Finally, even if China does pursue significant military advancements, its rivals will not be standing still. Given its head start and cooperation with Japan and other regional allies, the United States could maintain its current defense posture and the South China Sea would remain an "American lake" well into the 21st century. But the United States continues to modernize all branches of its military. In developing power projection capability, China would risk a U.S.-Japanese arms buildup, leaving itself relatively weaker, while diverting scarce funds from more pressing military objectives, such as securing its coastal waters.
CHINA’S WILD CARD
DESPITE ITS technological and military backwardness, China can still heighten regional instability by threatening U.S. forces, exacerbating local conflicts, and refusing to cooperate with international regimes, thus requiring the United States to commit additional resources to defend its interests.
China is dissatisfied with many aspects of East Asian politics, Taiwan’s independence foremost among them. Reunification with Taiwan is a nationalist objective that reflects Beijing’s intent to restore China’s dynastic borders and conclude the civil war between the Chinese Communist Party and the Chinese Nationalist Party. Taiwan is thus a sensitive issue in succession politics. China’s interests in Taiwan also reflect its objective of establishing secure borders. Located less than 100 miles off the Chinese coast, Taiwan truly can serve as an "unsinkable aircraft carrier." As in the 1950s, it can be employed by an adversary to undermine Chinese security. In this respect, its geopolitical significance is similar to Cuba’s importance to the United States. Thus, Chinese leaders actively challenge Taiwan’s flexible diplomacy and any indication that it can secure international support for a formal declaration of independence. They are intent on minimizing Taipei’s foreign policy independence and ultimately establishing mainland control over Taiwan. As Chinese military maneuvers in March 1996 revealed, they are prepared to worsen regional tensions to promote this objective.

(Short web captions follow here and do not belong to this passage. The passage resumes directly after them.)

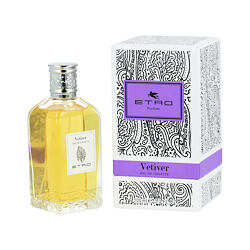 ETRO wetyweria EDT 100 ml U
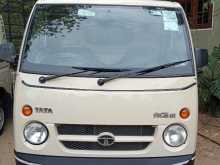 Tata Dimo Batta 2012 Lorry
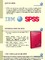 Ayudo a aprender el programa spss online y presencial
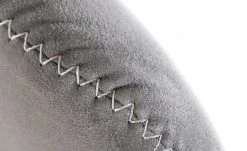 Schalenstuhl drehbar Buffalo | Hellgrau -Stuhle Geschaft 13347462 4 202103302234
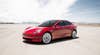 Tesla Model 3: Su impacto en el mercado de los coches eléctricos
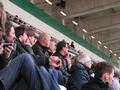 saarbruecken14042012_079.jpg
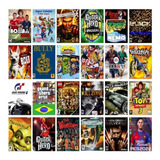 Kit Ps2 Promocao Com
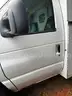 2008 Ford Econoline (#45)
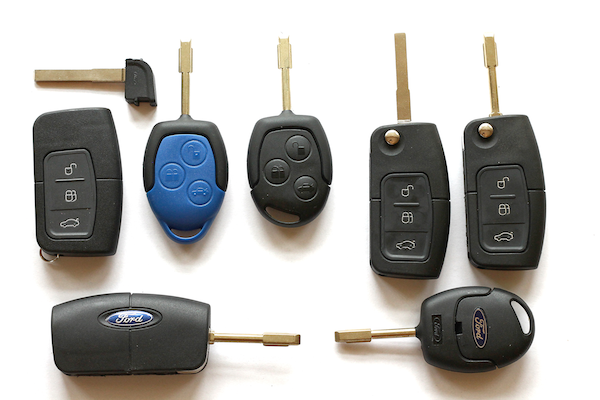 ford keys nottingham , ford keys loughborough , ford keys leicester , ford keys derby ford car keys nottingham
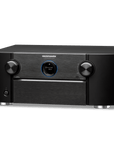 Процесор за домашно кино с 7 канала Marantz AV7706 - Sofia Audio Center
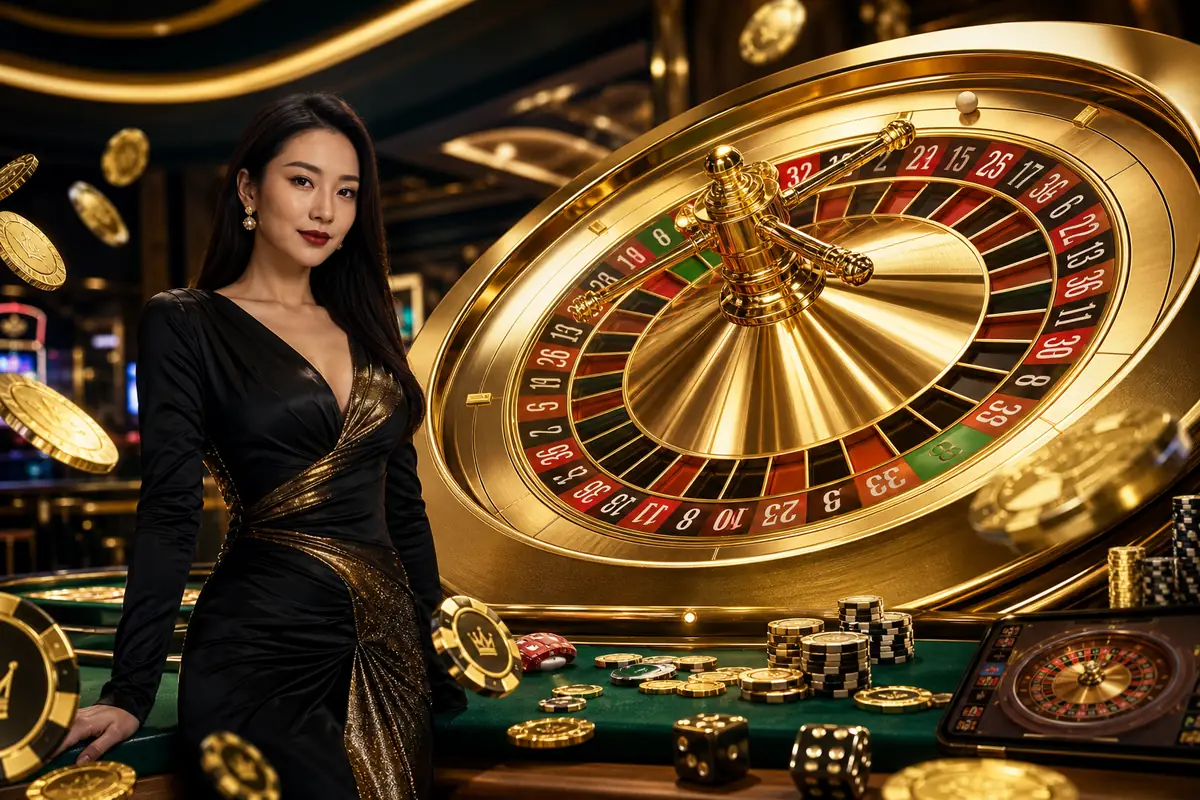 qata88 hướng dẫn bắt đầu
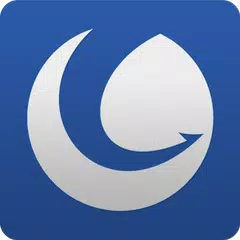 Glary Utilities APK Herunterladen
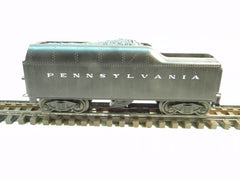 Lionel 2046W Pennsylvania Whistle Tender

Taiwan is only the most prominent of China’s territorial objectives. Beijing rejects Japan’s territorial claim to the Diaoyu (Senkaku) Islands, Vietnam’s claim to the Paracel Islands, and the claims by Vietnam, Malaysia, the Philippines, and Brunei to the Spratly Islands. It also has a territorial dispute with Vietnam over the demarcation of the Gulf of Tonkin. There is considerable potential for exploiting natural resources, including oil, particularly in the disputed waters in the northern sector of the South China Sea. China insists that it is the rightful claimant to these territories and that its neighbors are taking advantage of its military weakness to infringe on Chinese sovereignty. Territorial ambitions, domestic political instability, and desire for recognition as a regional power encourage Chinese leaders to resist these perceived challenges.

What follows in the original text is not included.